In my preceding lecture I pointed out the causes of the special importance of local institutions, at that epoch in the development of civilization which now occupies our attention. I now proceed to examine into those institutions.
They were of two kinds. One class bound man to a superior, established a certain right of man over man, a personal pre-eminence and subordination, which were the source of mutual duties. On the Continent, this hierarchy of persons became the first principle of feudalism, which would perhaps have received only a very imperfect development in England, had not William the Conqueror transplanted it to that country in its complete state. The other class of local institutions bound men of equal rank to each other, regulated their mutual relations, and defined their reciprocal rights and duties. The first class marked a relationship of protection and dependence; the second summoned all the inhabitants of the same territory, possessing the same rights and the same obligations, to deliberate in common upon affairs of common interest. These were the predominant institutions of the Anglo-Saxons. Norman feudalism could not entirely abolish them.
At this period, England was divided into tithings, hundreds, and counties. This division has been attributed to King Alfred: he seems to be the founder of all the legislation of this epoch, because it all issues in a fixed and precise form from his reign; but he found it already in existence, and did nothing more than arrange it in a written code. He did not, then, originate this division of territory, which appears to be based upon the ecclesiastical partition of the country. After their settlement in Great Britain, the Saxons did not divide it into systematically determined portions, but adopted what they found already established. The portions of territory which were under the direction of the decanus,1 the decanus ruralis,2 and the bishop, formed respectively the tithing, the hundred, and the county. We must not, however, suppose that these names correspond precisely to realities. The tithings and hundreds were not all equal in extent of soil and number of inhabitants. There were sixty-five hundreds in Sussex, twenty-six in Yorkshire, and six in Lancashire. In the north of England, the hundreds bore another name; they were called Wapentakes.* Here the ecclesiastical division ceases, and a military circumscription prevailed, which still subsists in some counties. An analogous circumscription has continued to the present day in the Grisons, in Switzerland.

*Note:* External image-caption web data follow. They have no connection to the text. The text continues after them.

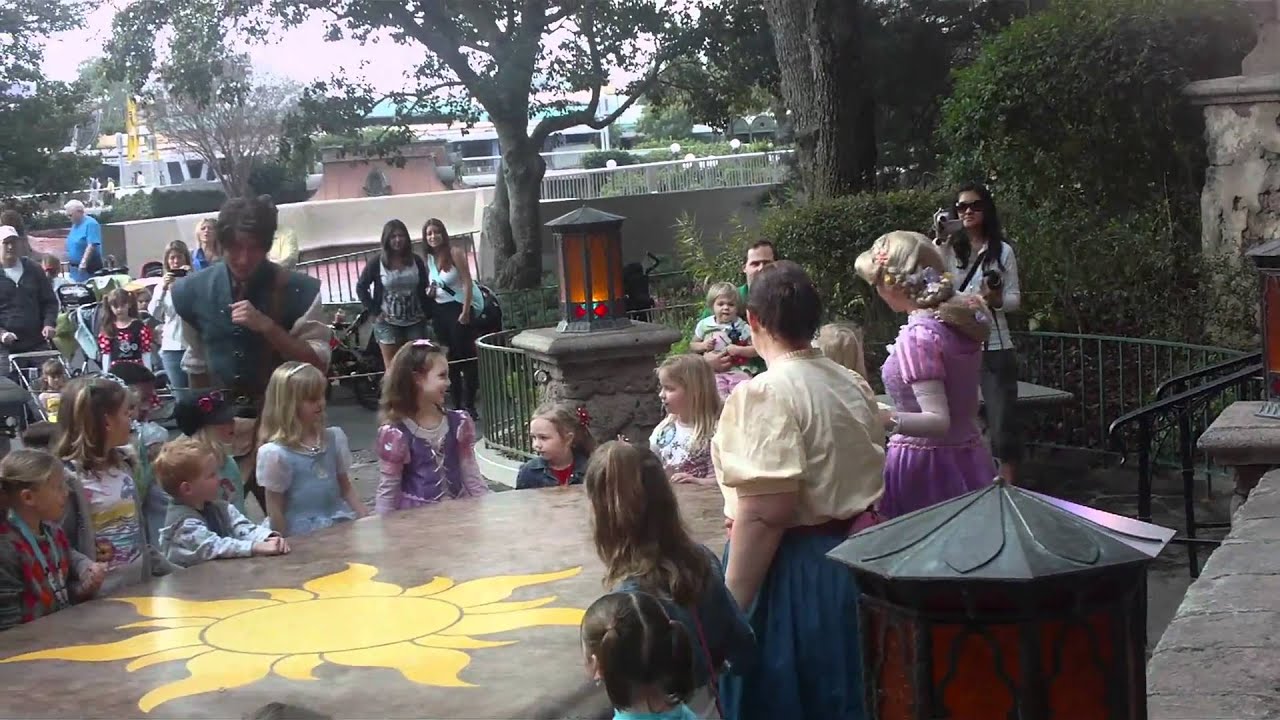 Rapunzel Dance.AVI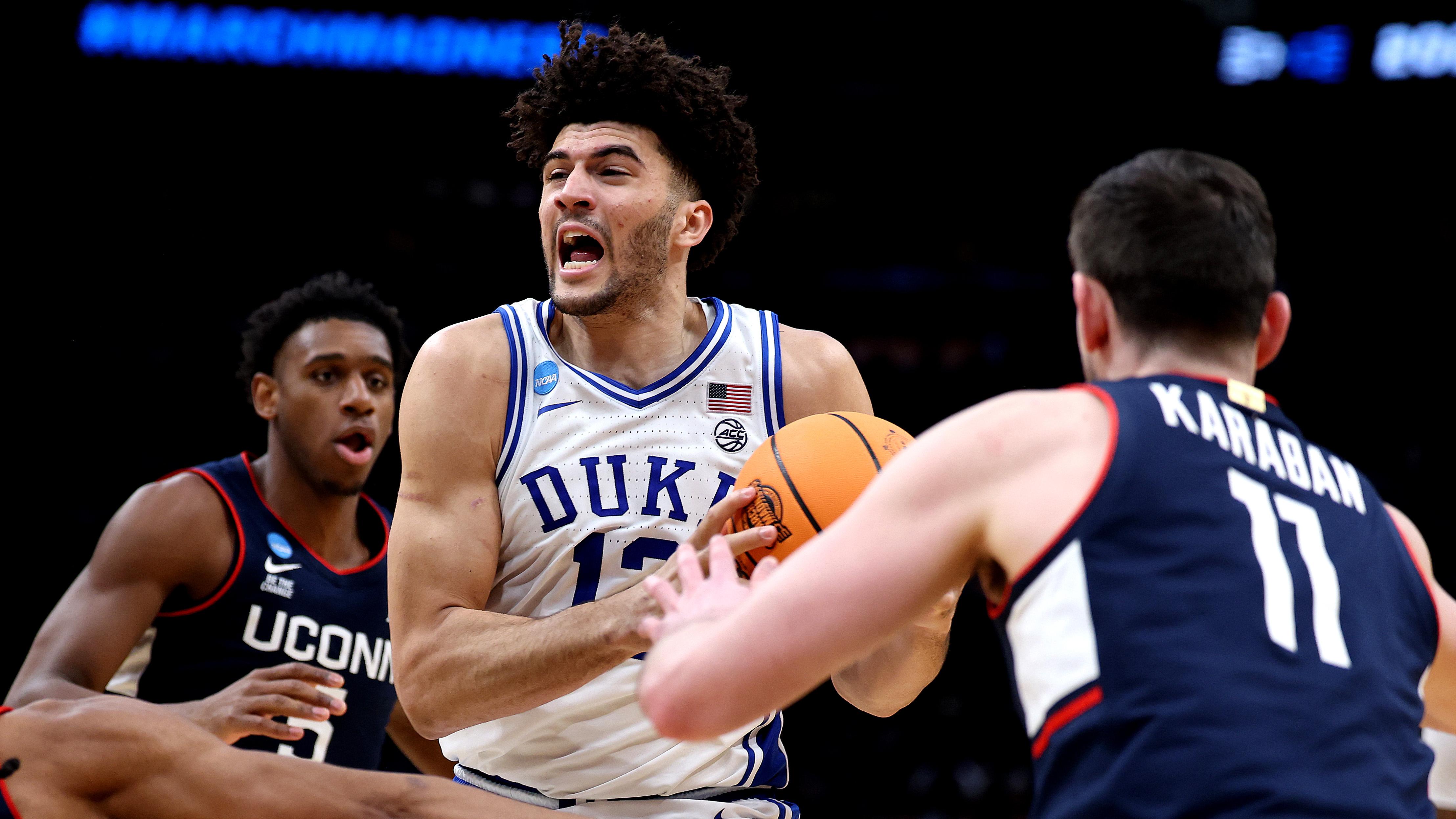 UConn v Duke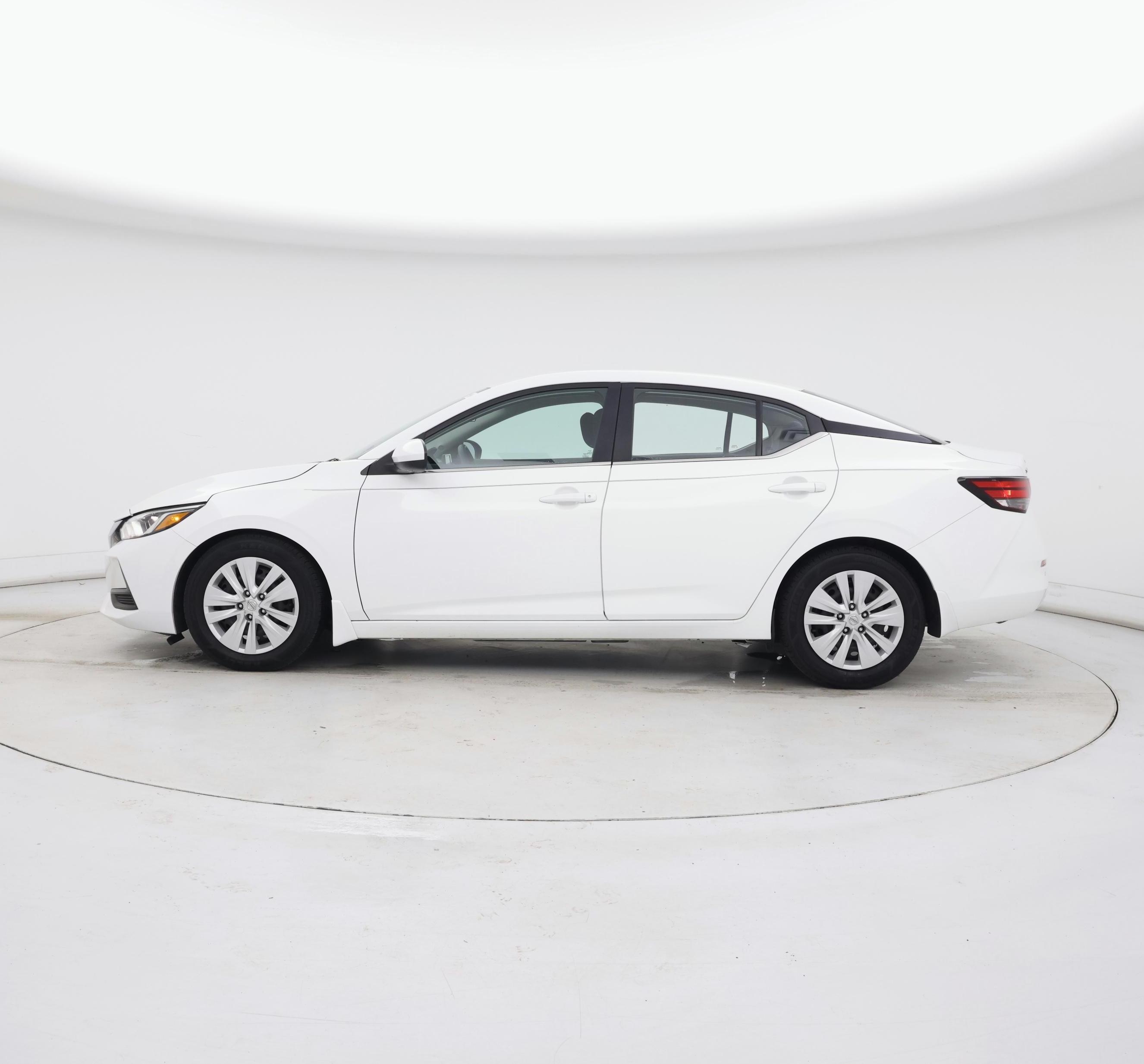 Thumbnail: 2020 Nissan Sentra - 3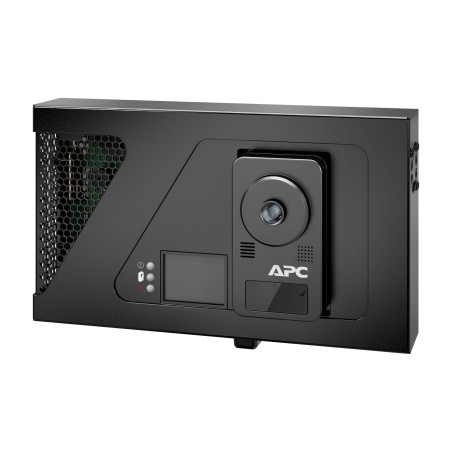 APC NetBotz - Moniteur de salle 755 avec surveillance intégré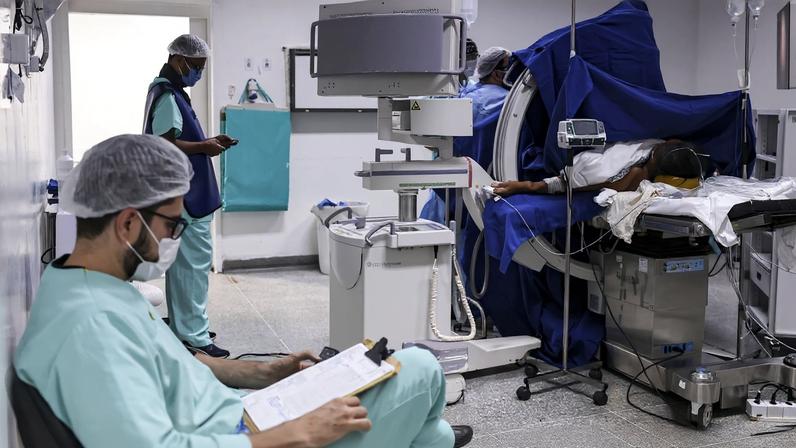 Ebserh realiza mutirão para atender 42 mil pacientes em todo o país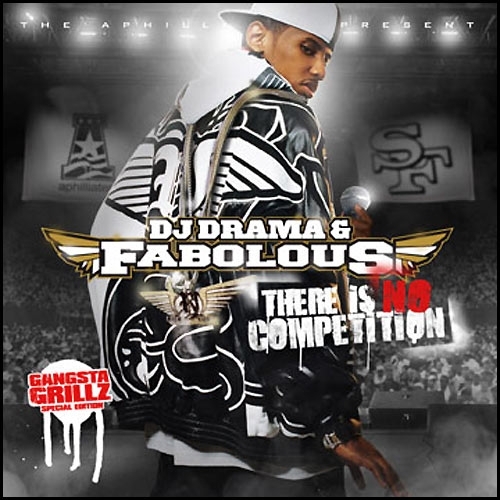 There Is No Competition - Fabolous | MixtapeMonkey.com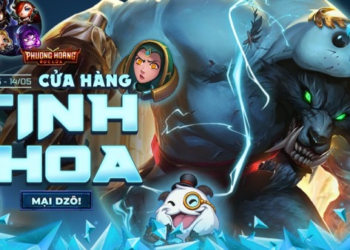 Cửa Hàng Tinh Hoa Lam quay trở lại! – Tha hồ mua sắm từ 01/05 đến 14/05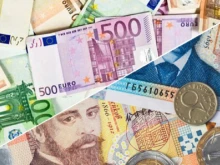 В една област в България вече сменят цените от лева в евро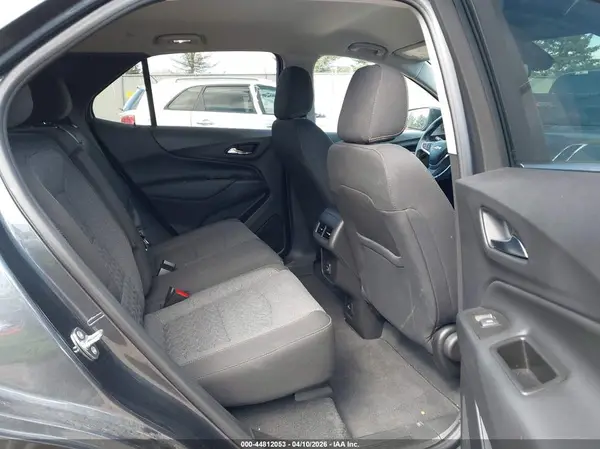 3GNAXUEV9NS191906 2022 CHEVROLET EQUINOX - Image 8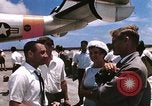 Image of astronauts boarding Cape Canaveral Florida USA, 1962, second 27 stock footage video 65675024604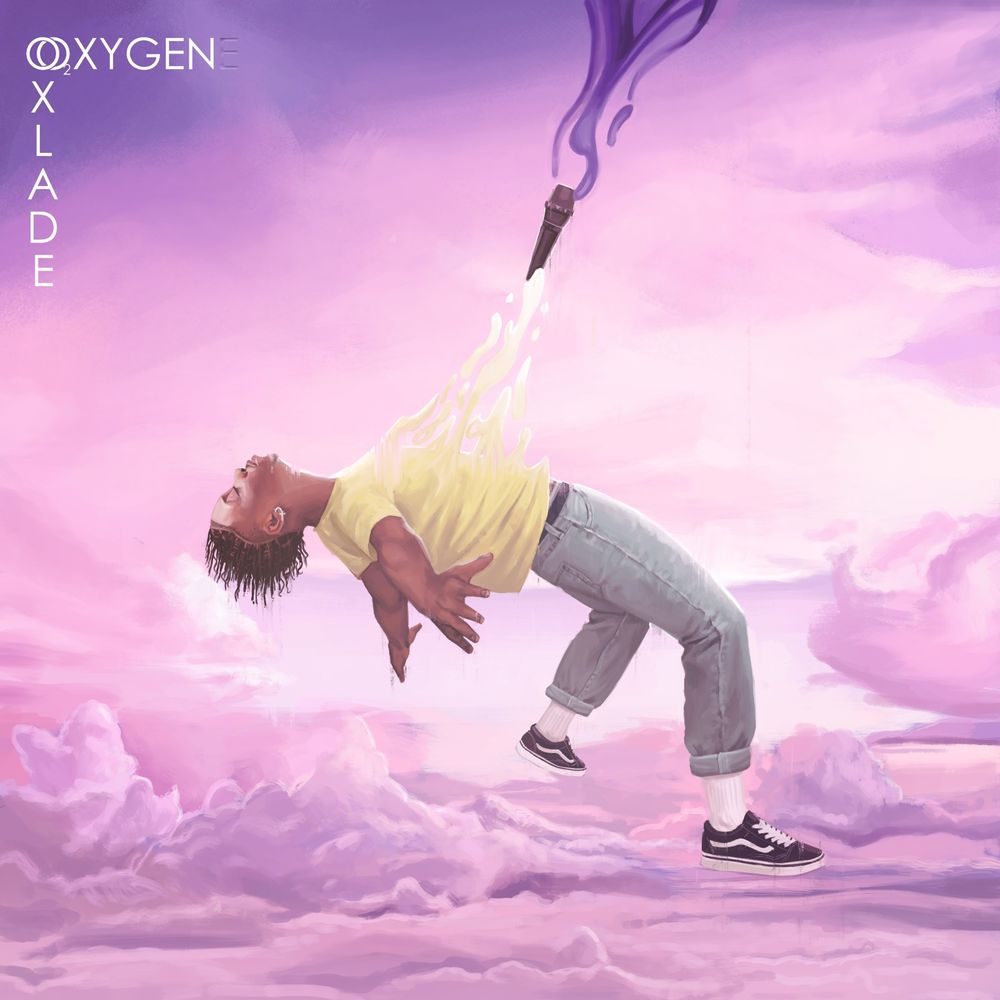EP: Oxlade – Oxygen (Full Album)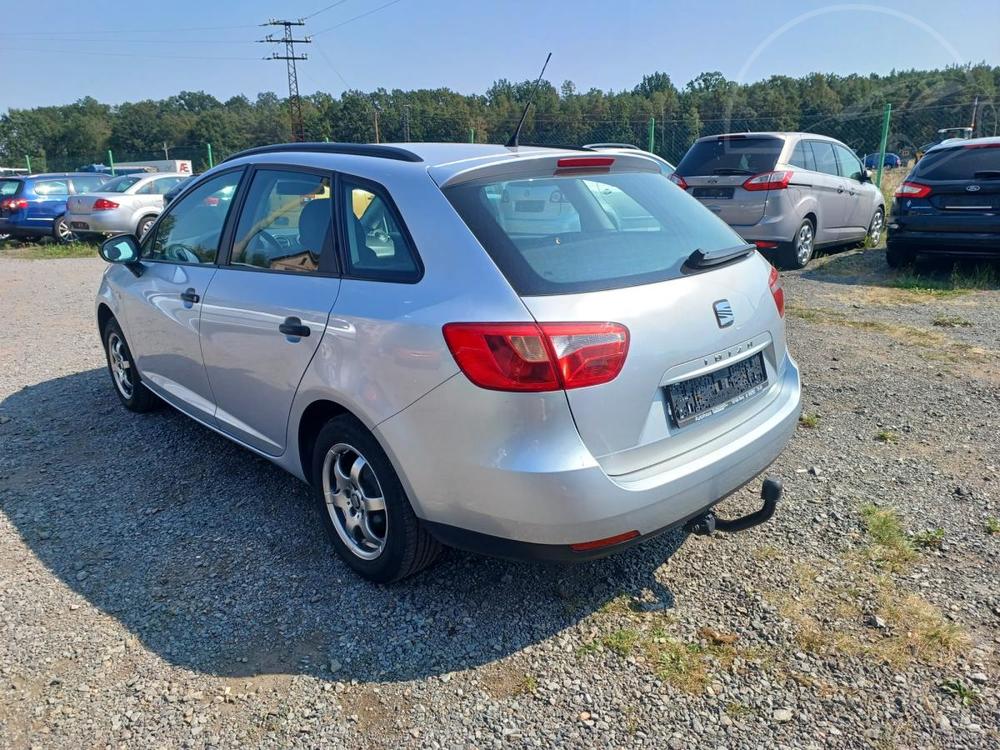 Seat Ibiza 1.4i, 16V, tan, ALU, klima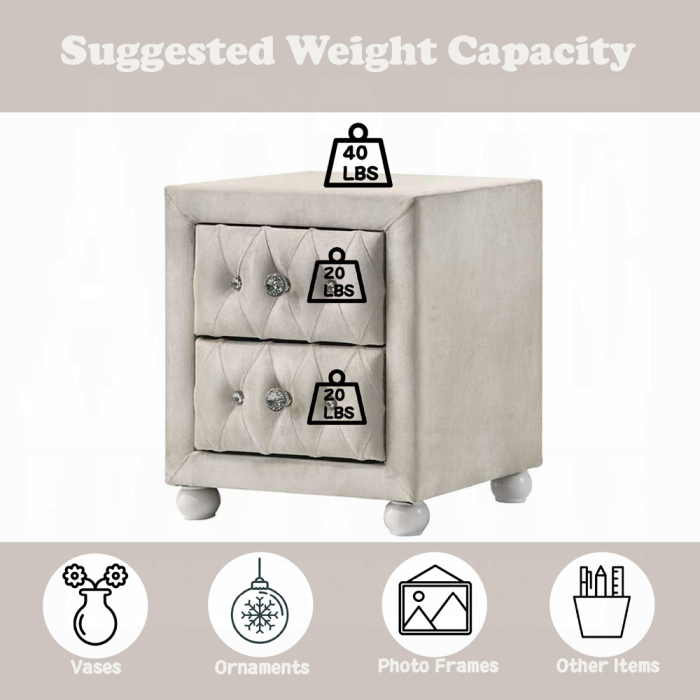 Reggie Nightstand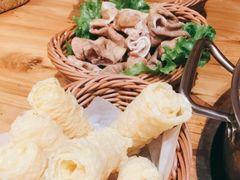 去油肥肠-四喜小胖·北京涮肉(五道营店)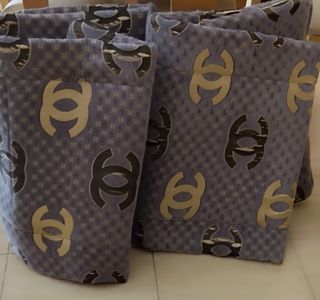 Colchonetas sofá: 2 colchonetas a 12 euros
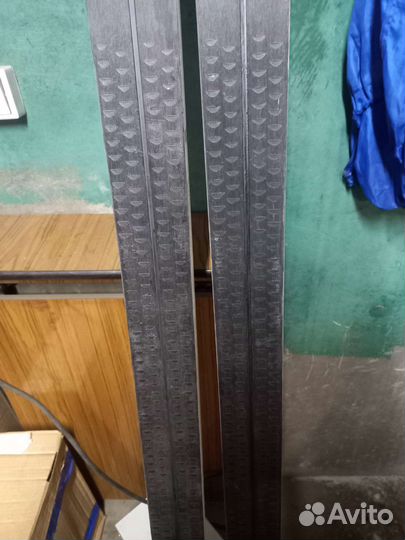 Лыжи армейские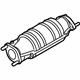 Kia 2895023350 Catalytic Converter Assembly Kia 2895023350 Catalytic Converter Assembly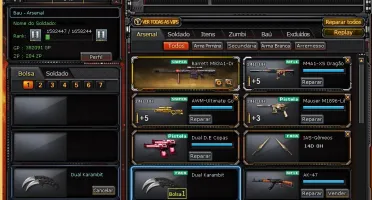 Conta CF CAPITÃO NVL4 + VIP BARRET + 382k de GP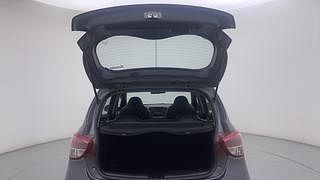 Used 2017 Hyundai Grand i10 [2017-2020] Sportz (O) AT 1.2 Kappa VTVT Petrol Automatic interior DICKY DOOR OPEN VIEW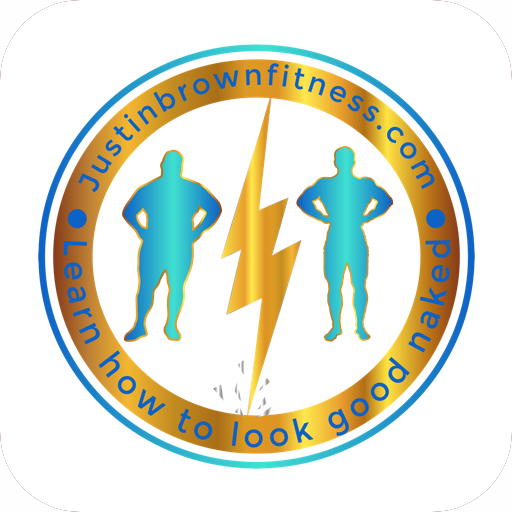 Justin Brown Fitness App logo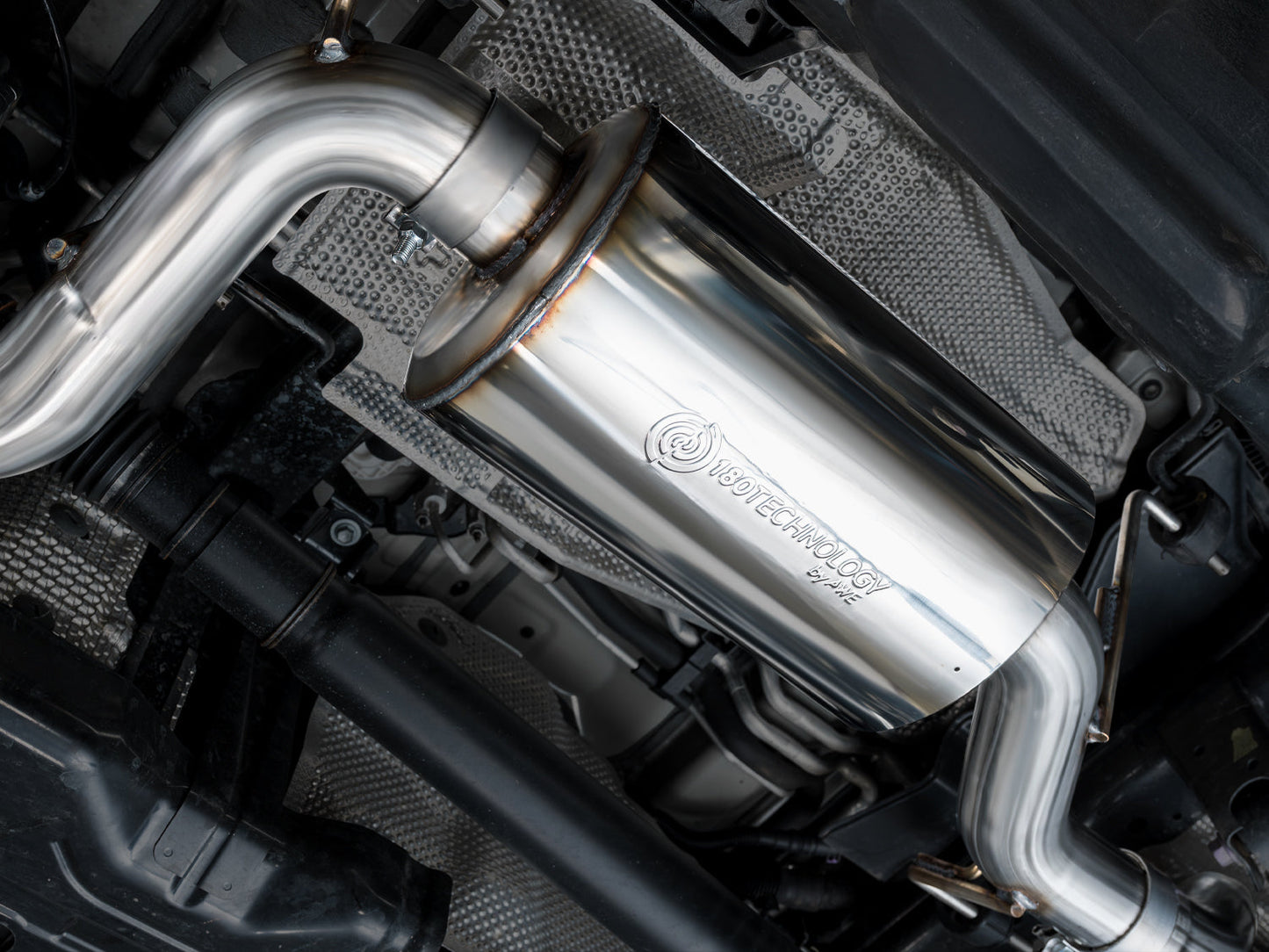 AWE Tuning 3015-28056 Exhaust System Kit for 24+ Toyota Land Cruiser/25+ 4Runner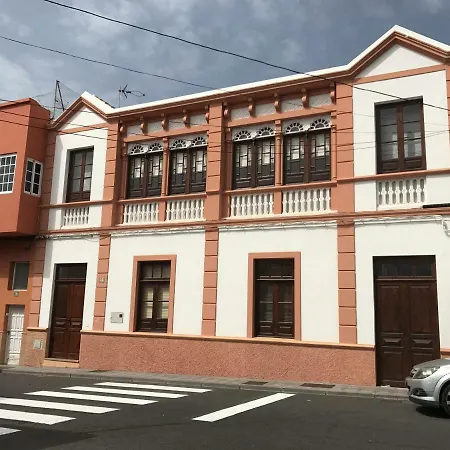 דירה Casa Los Molinos בואנה ויסטה דל נורטה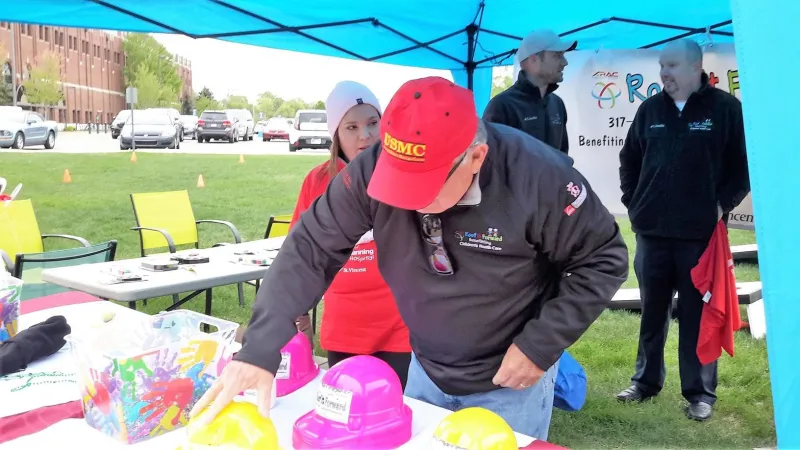 People loved our souvenirs; did you get one?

These divisions of the soil had a double object. On the one hand, they formed the most certain means of insuring order and discipline; and on the other hand, they supplied the inhabitants with the most convenient method for transacting their public business in common.
By a police regulation which I have already mentioned, every free individual, above twelve years of age, was obliged to enrol himself in a certain association, which he could not abandon without the permission of the chief. A stranger might not remain for more than two days with a friend, unless his host gave surety for him, and at the end of forty days he was compelled to place himself under the surveillance of some association. It is remarkable that the details of these laws of classification and subordination were almost the same in all those parts of the Roman Empire occupied by the barbarians—in Gaul and Spain, as well as in England. When one of the members of a special association had committed a crime, the association was obliged to bring him to trial. This point has given rise to much discussion among learned men. Some have maintained that the association was bail for its members, not only for their appearance before the court of justice, but also for the crime which they might have committed. I think that every Anglo-Saxon association was bound only to bring the culprit to trial. If he had made his escape, the association had to prove, sometimes by twelve and sometimes by thirty witnesses, that it knew nothing of his whereabouts; and it was fined only when it could not produce witnesses to prove that it had not abetted his escape. This obligation of every local corporation to pay for its guilty and absent members, existed also in Gaul at this time. The Gallic corporation was moreover answerable for the execution of the sentence: I do not think this was the case in England, where it was bound only to bring the culprit to trial.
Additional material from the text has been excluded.